Chiquita’s net sales rose by 2 per cent year over year in the second quarter of 2007 to $1.3 billion (£640 million), and the company hauled in a net income of $9bn in the period.

This includes a charge of $3m, related to a settlement of US anti-trust litigation, and compared to a net income of $23m in the year-earlier period.

“We were not satisfied with our second quarter results,” said Chiquita chairman and ceo Fernando Aguirre. “We are taking aggressive actions to address continuing challenging market conditions, and expect to reverse the recent trend and begin delivering modest year-over-year improvements in operating results, starting in he third quarter.

“We remain confident in our strategy to generate sustainable, profitable growth by delivering innovative higher-margin products and building a high-performance organisation,” he continued. “We were pleased to complete the previously announced strategic shipping agreement during the quarter, and to use a significant portion of the proceeds from that transaction to pay down debt. We will continue to take actions to strengthen our balance sheet, improve our risk profile, focus our efforts on market activities and diversify our company by product, channel and geography.”

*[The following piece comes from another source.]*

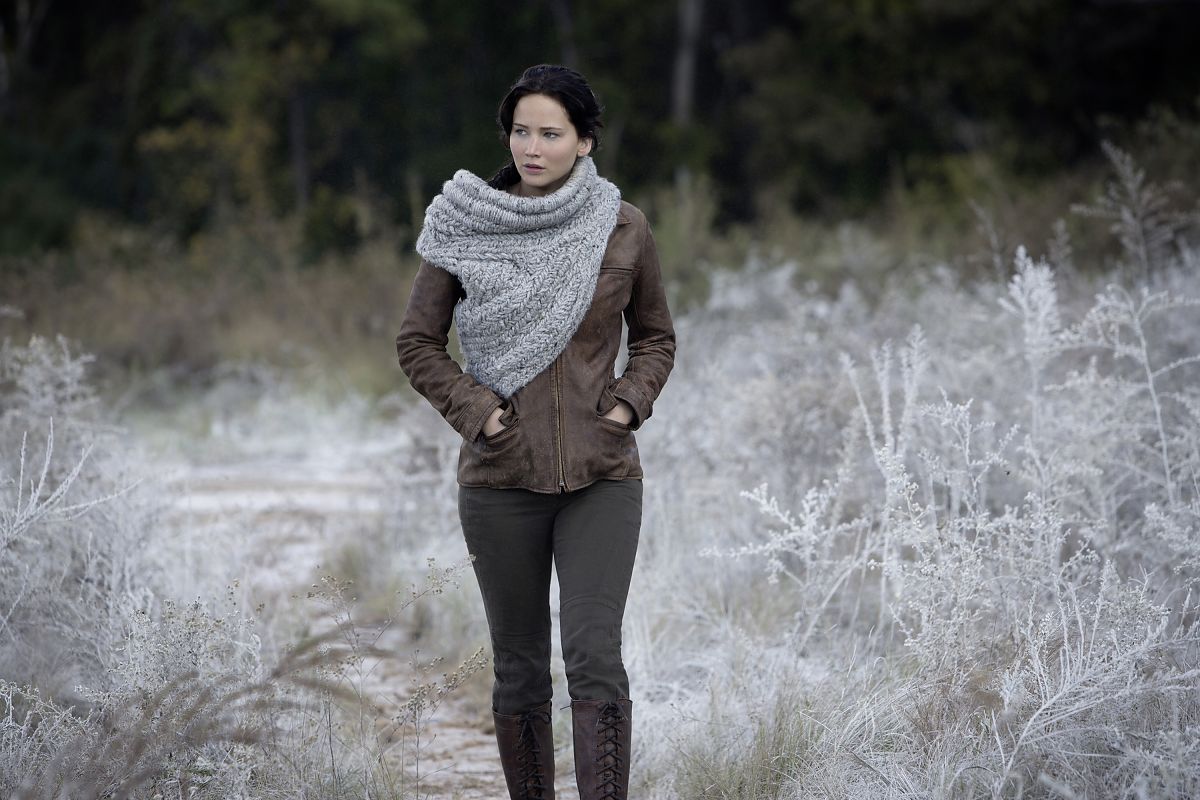 Die Tribute von Panem - Catching Fire - Film-Still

Chiquita repaid more than $200m in debt during the second quarter, primarily from proceeds from the sale of its 12 refrigerated cargo vessels. As a result, the company’s total debt on June 30, 2007 stood at $857m, compared to $1.061bn on March 31, 2007. The company expects to continue paying debt until it reaches its target debt-to-capital ratio of 40 per cent, compared to 49 per cent on June 30, 2007.